12 December 2015
USSR's first-ever nuclear-powered submarine K-3 Leninsky Komsomol is to be launched in February 2017, Flotprom reports. The sub is said to be used as a museum.
The works to finish the submarine are currently conducted at Nerpa shipyard. The place, where the submarine will be located after launch, has not been determined yet. Earlier, it was reported that the K-3 submarine could remain in the Arctic region as part of the Museum of the Northern Fleet and the Central Naval Museum.
A few years ago, it was reported that the Leninsky Komsomol nuclear submarine was going to be decommissioned. As submariners say, the K-3 was going to be shredded for needles.
The Leninsky Komsomol was a landmark submarine in the development of Soviet and Russian Navy. The construction of the submarine was started on September 24, 1955 in Severodvinsk. Its reactors were launched in September 1957, and the submarine was launched on October 9, 1957.

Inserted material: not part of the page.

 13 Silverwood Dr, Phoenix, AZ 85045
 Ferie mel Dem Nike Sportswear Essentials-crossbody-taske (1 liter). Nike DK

In 1961, the submarine was carrying its first combat duty in the Atlantic Ocean. In July 1962, the submarine, for the first time in the history of the Soviet Navy, traveled underneath the ice of the Arctic Ocean, passing the North Pole twice.
On September 8, 1967, a fire occurred in the first and second compartments of the sub during a combat duty in the Norwegian Sea, killing 39 people. The submarine returned to the base. In 1991, the K-3 Leninsky Komsomol was withdrawn from the fleet.